Непанта скрыла свое изумление, заслонив лицо ладошкой.
— Не оригинально — это из Этриана Ильказарского, жившего пять веков назад, но тем не менее интересно. Ты всегда следуешь своему кредо и не говоришь ничего, кроме вранья?
— Безусловно! — Он прореагировал так, словно была затронута его честь.
— И еще одно. — Она снова засмеялась — и с удивлением обнаружила, что смеется. Сколько времени прошло с тех пор, как она смеялась последний раз просто потому, что ей было забавно? И сможет ли этот толстяк, который был далеко не так глуп, как изображал, заставить ее и плакать? — Почему ты проповедуешь такие странные вещи?

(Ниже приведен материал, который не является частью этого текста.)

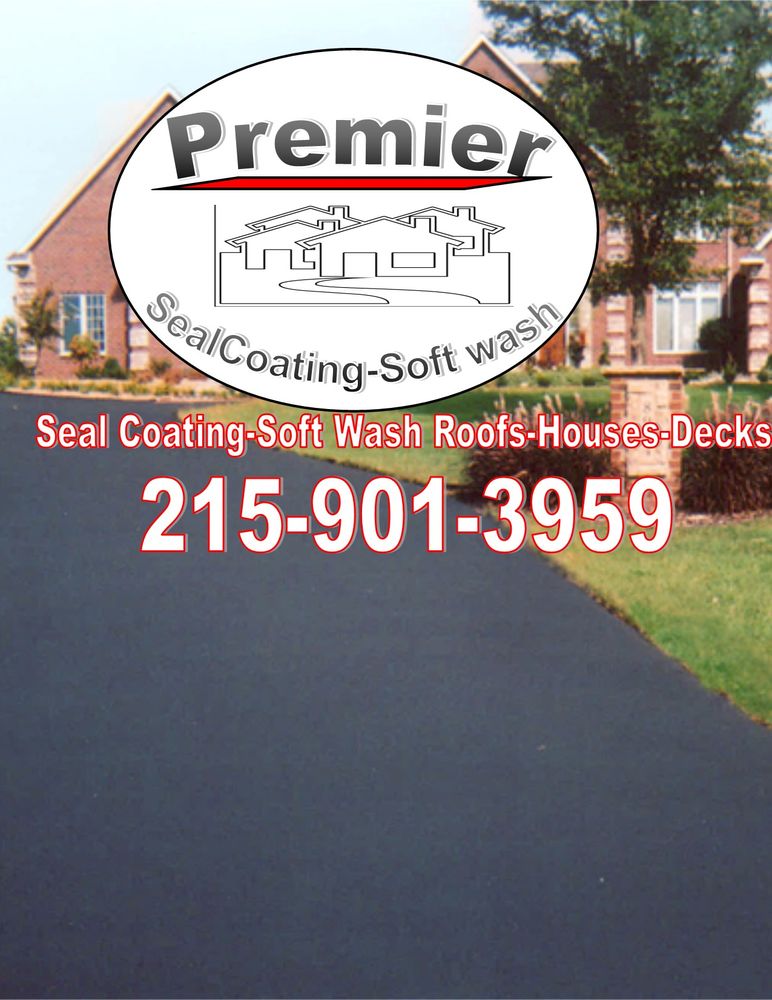 Premier Sealcoating & Soft Pressure Washing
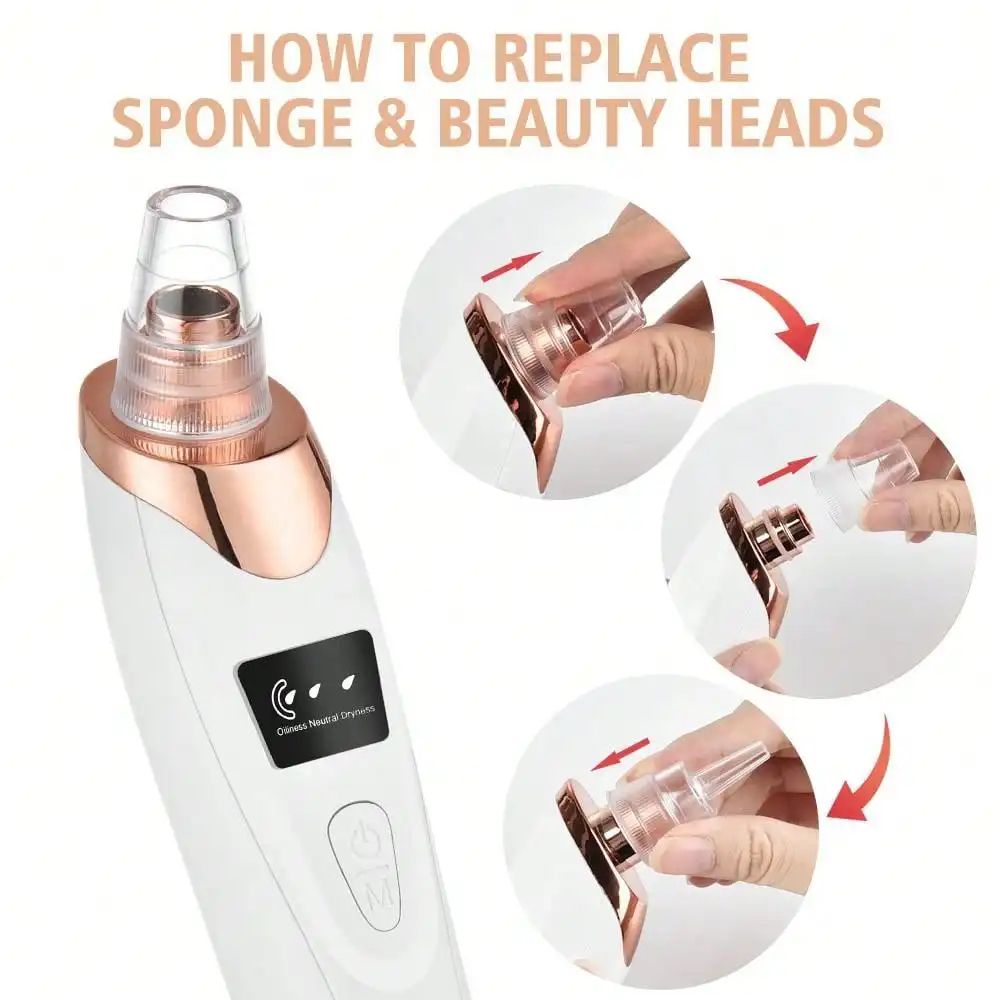 RadiantClear Pro Pore Vacuum Blackhead Remover 1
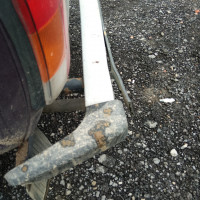 Задний бампер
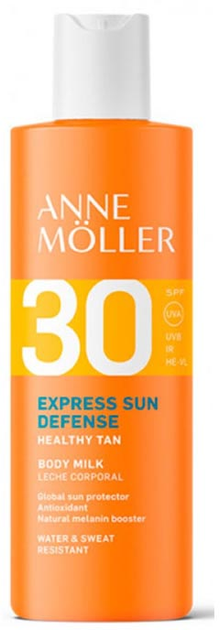 Молочко для тіла Anne Möller Express Sun Defense SPF 30 175 мл (8058045434269) - зображення 1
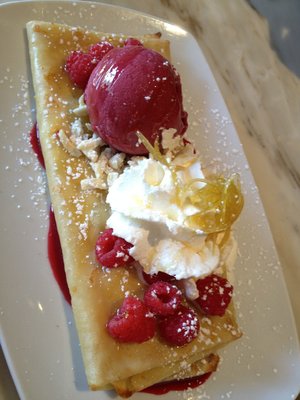 Sugar Factory_Lemon raspberry crepe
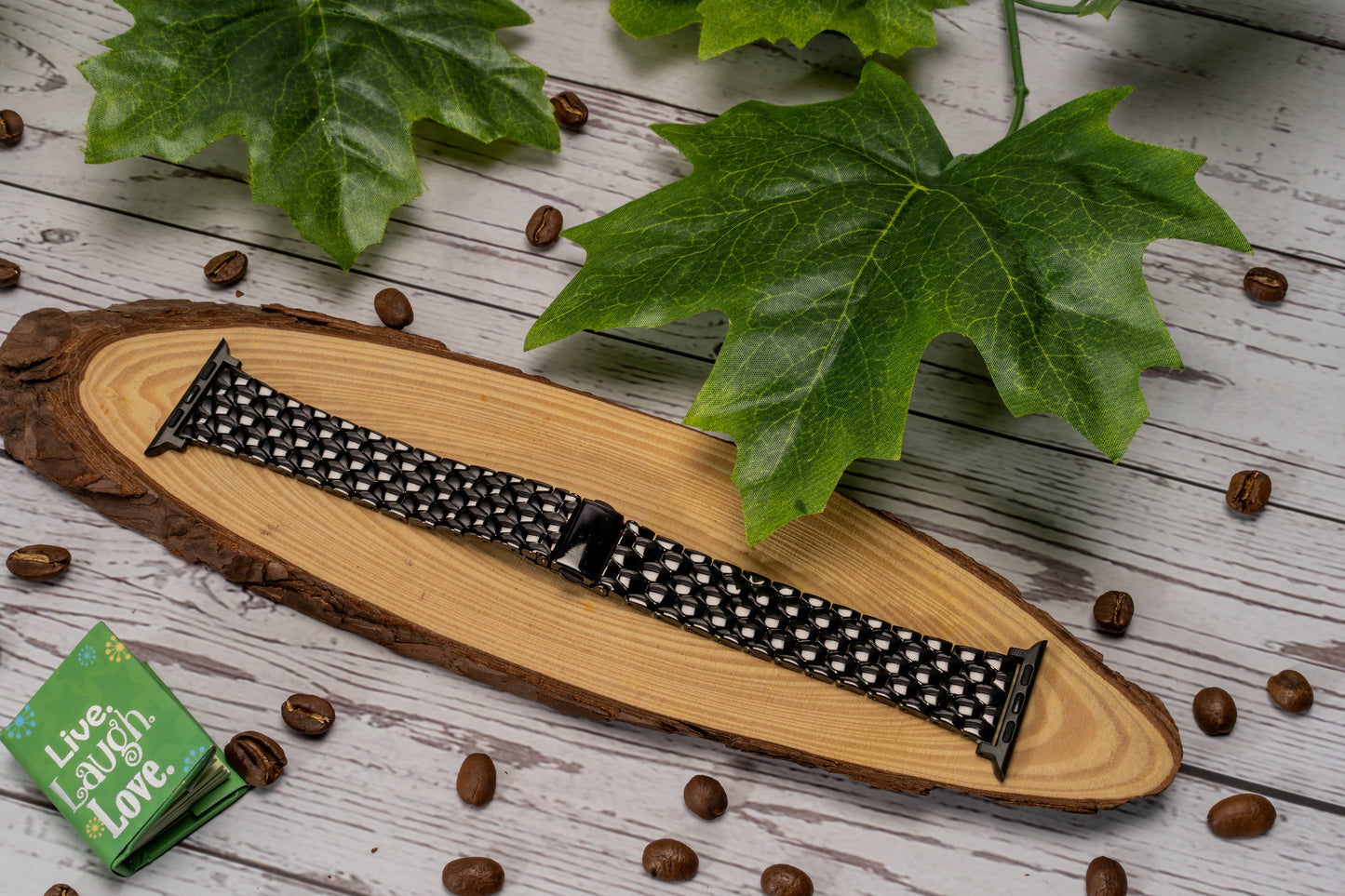 Honeycomb Metal Stainless Steel Strap for Apple iWatch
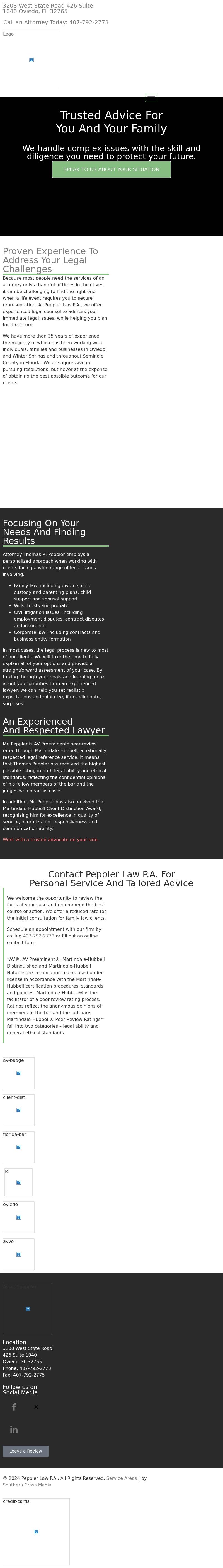 Peppler Law P.A. - Oviedo FL Lawyers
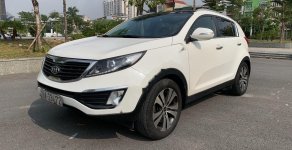 Kia Sportage 2.0AT 2011 - Bán Kia Sportage 2.0AT 2011, màu trắng, nhập khẩu nguyên chiếc giá 525 triệu tại Hà Nội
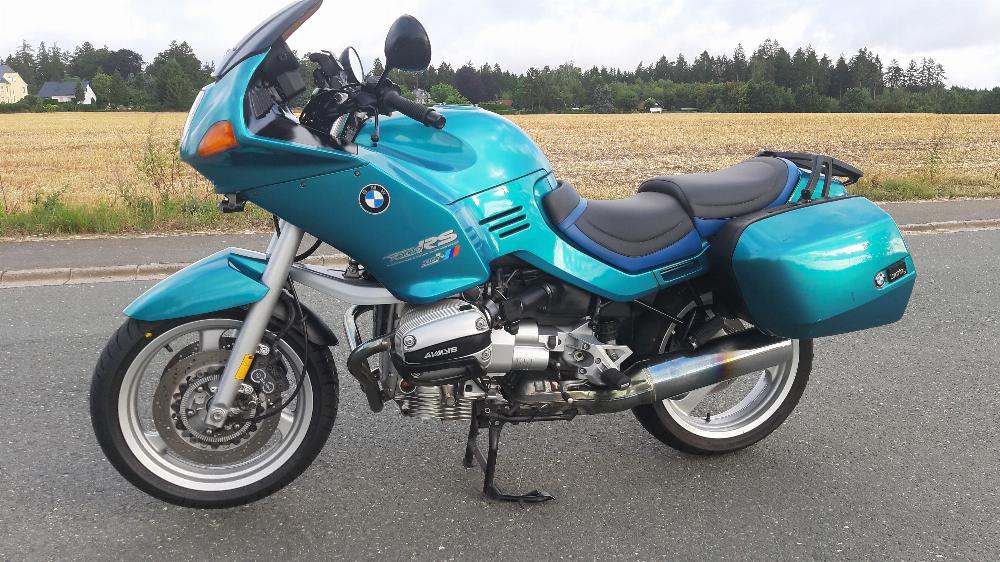Motorrad verkaufen BMW RS 1100 Ankauf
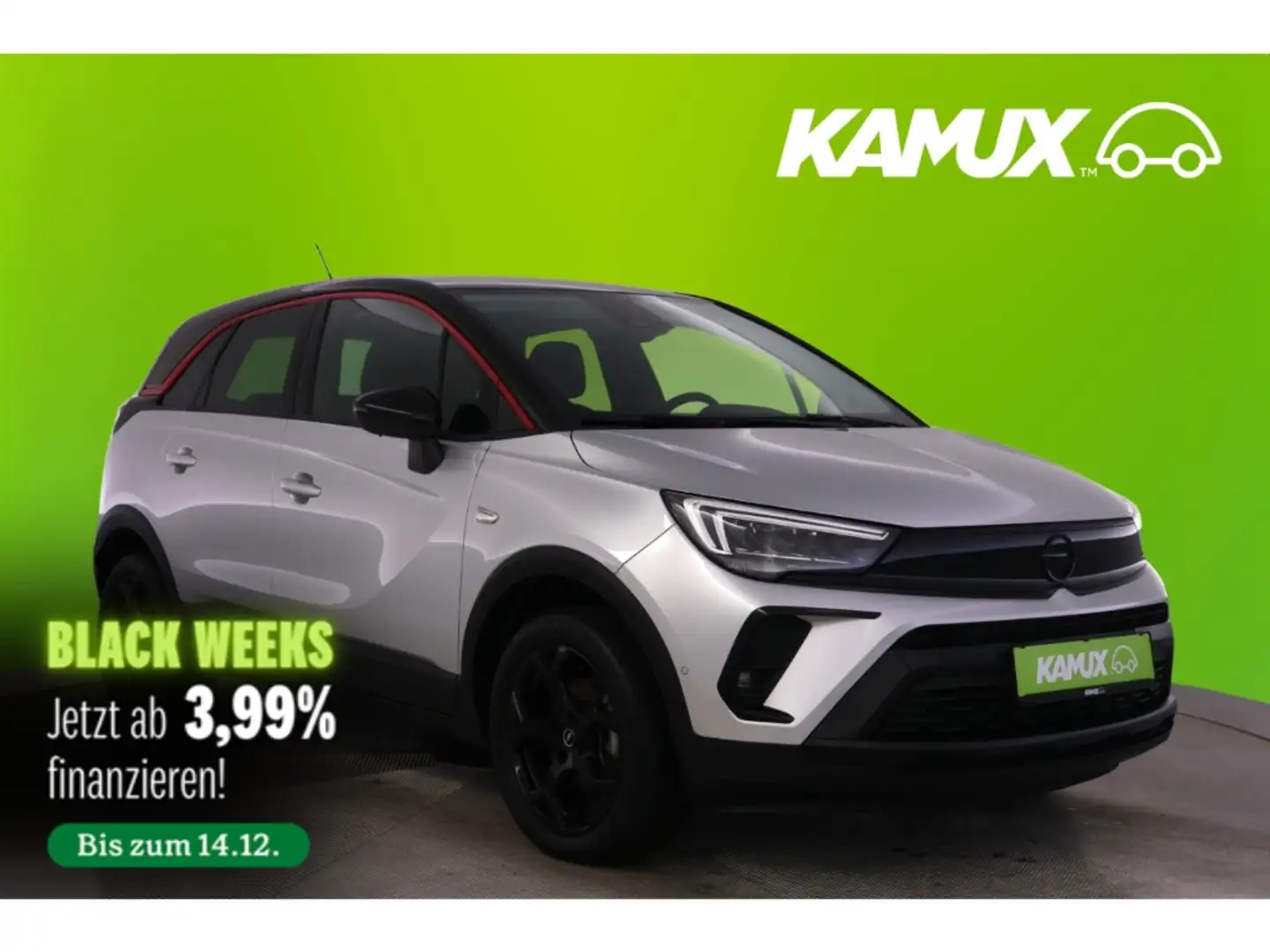 Opel Crossland 1.2T GS Line+LED+NAVI+KAMERA+PDC Gri - 1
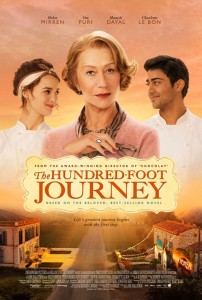 One Hundred Foot Journey Poster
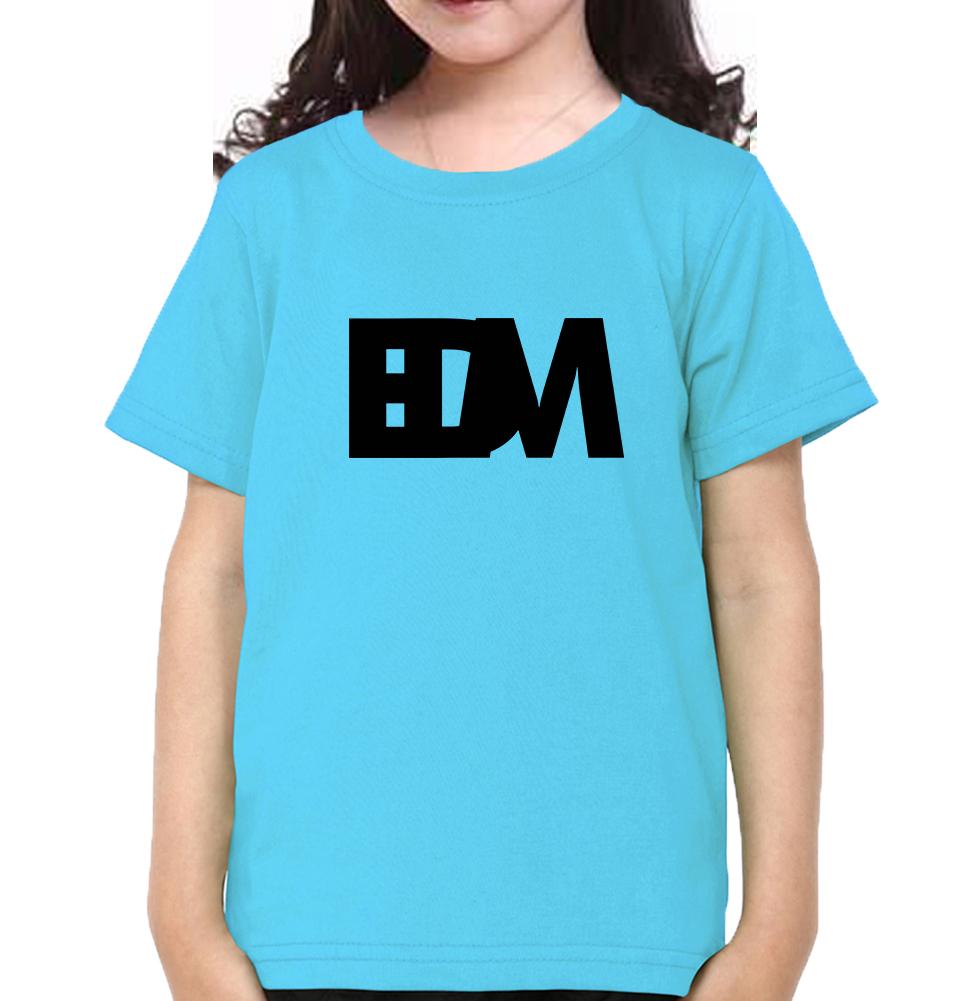 EDM Half Sleeves T-Shirt For Girls -FunkyTeesClub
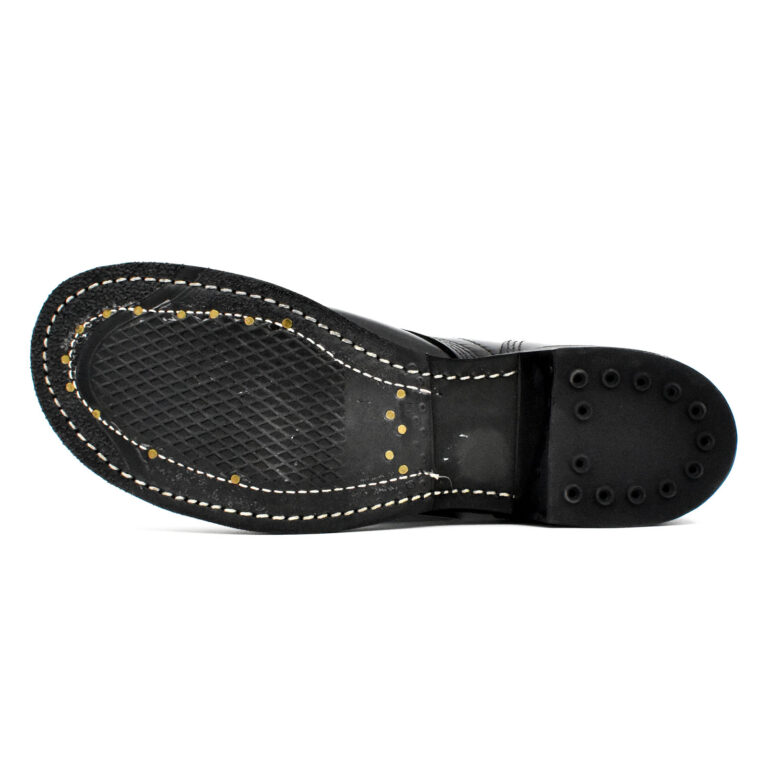 Corcoran 10 Inch Jump Boot Dress Sole with Toe Caps Black Sole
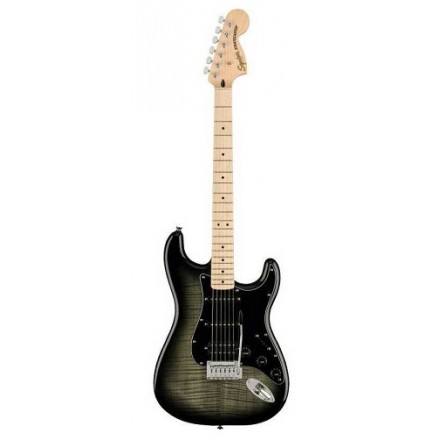 SQUIER by FENDER AFFINITY SERIES STRATOCASTER HSS MN BLACK BURST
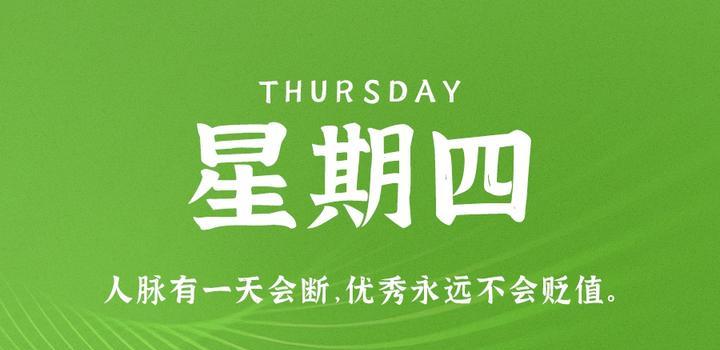 2023年08月03日 每天60秒读懂世界-智通达科技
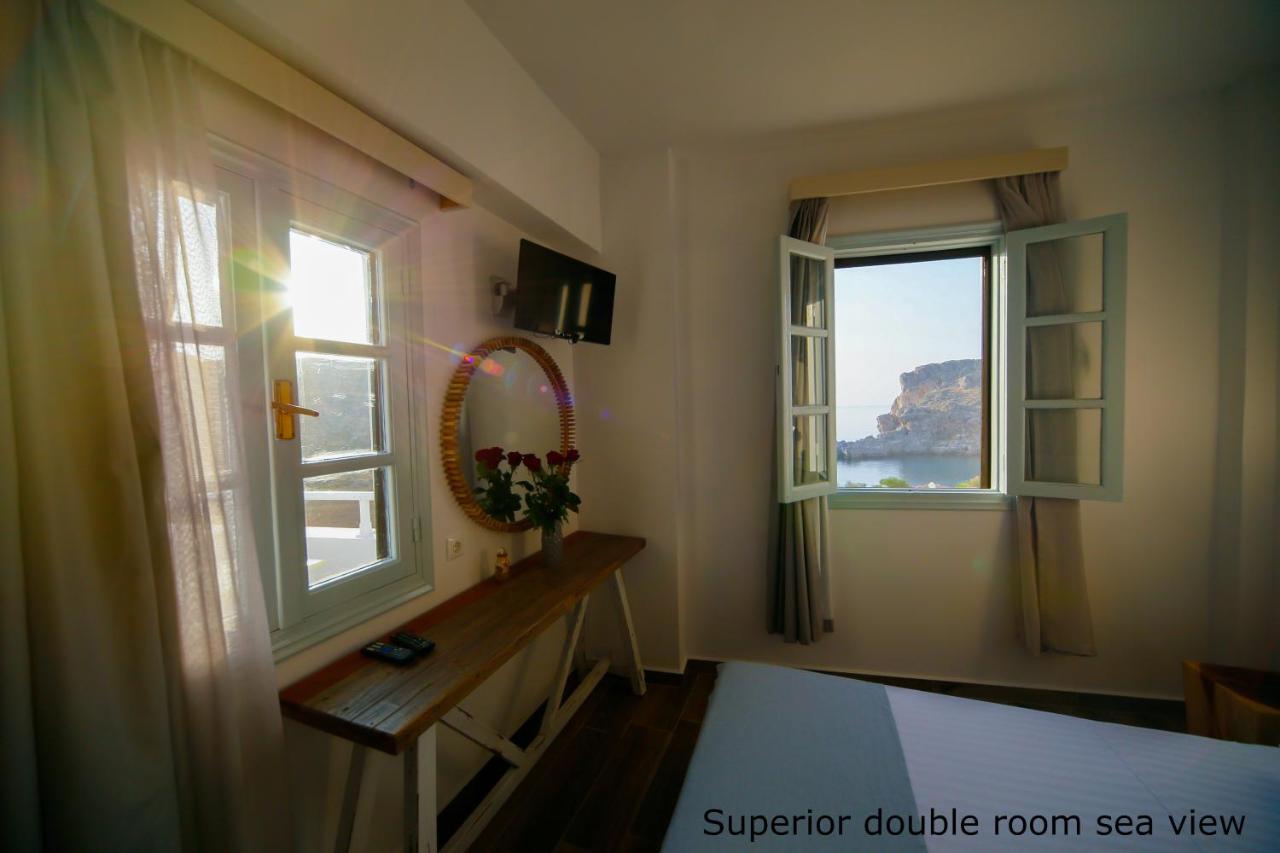 St. Paul'S Bay View Suites 린도스 외부 사진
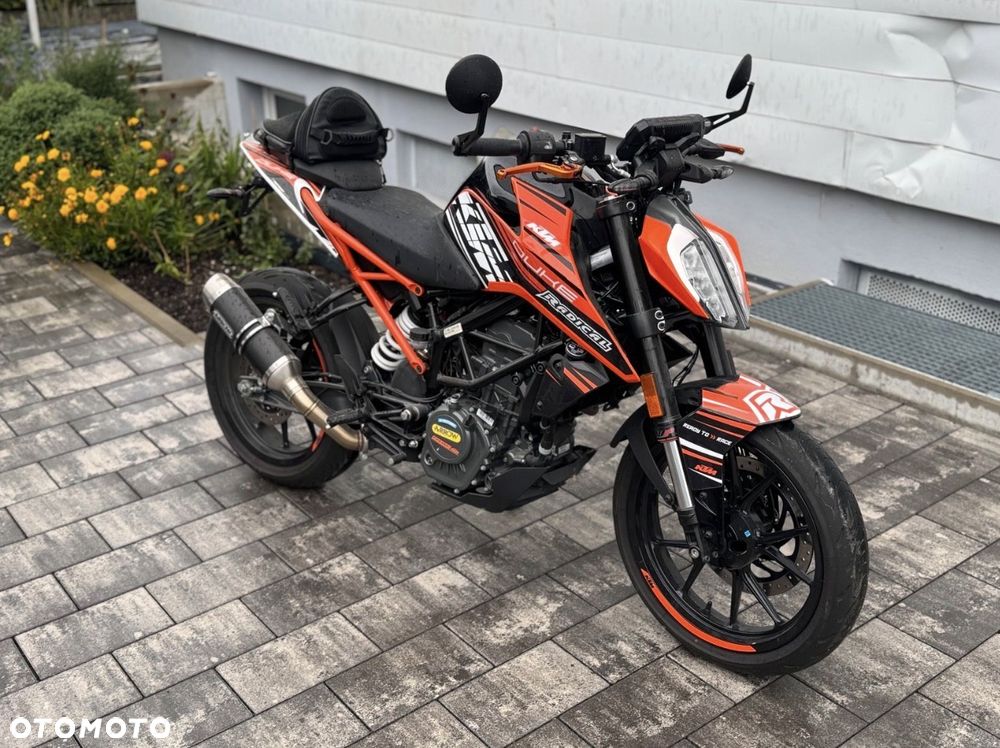 KTM Duke - 1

Салтимбанко, спрятав испуг под маской беззаботности, тщательно подумал, прежде чем ответить. Здесь будет наиболее уместно небольшое полуправдивое, но в целом ложное направление разговора.
— Многочисленное количество людей, которые считают меня просто громогласным вздорным брехуном. Эгей! Это они большие дураки. Они приходят, радуются представлению, ага? Итак, после представления многие приходят к бедному толстяку, дают ему денежки, чтобы уберечь себя от себя. Подумайте, великая госпожа! Много людей сегодня толпились перед башней, ага? Может, три, четыре, пять тысяч. Может, одна тысяча из них пожалела слабоумного. Каждый бросил один грошик — один фиговый грошик, хотя некоторые давали и больше, — в корзину, которую видели на очень печальном и по виду голодным ослике, который принадлежит кретинскому поставщику проповедей. Сам-друг считает прибыль. Имею сейчас десять крон и более, доходы одного месяца. И вот таким манером проходит каждый день года. Сам-друг, будучи бережливым, стал вдруг так богат, как самый богатый из смеющихся над безмозглым проповедником, Эгей! Тогда сам-друг будет смеяться сам! Но молчание, полное молчание! Людей легко довести до убийства.
Салтимбанко хмыкнул над одурачиванием тех, кто считает его дураком, но затем понял, что позволил себе слишком расслабиться. Он обнаружил свое увлечение накоплением денег. Волки ужаса завыли в глубинах его разума. Да, он был профессионалом, но не умел отгонять чувство в серьезных ситуациях. Хотя действительно скрыл его хорошо.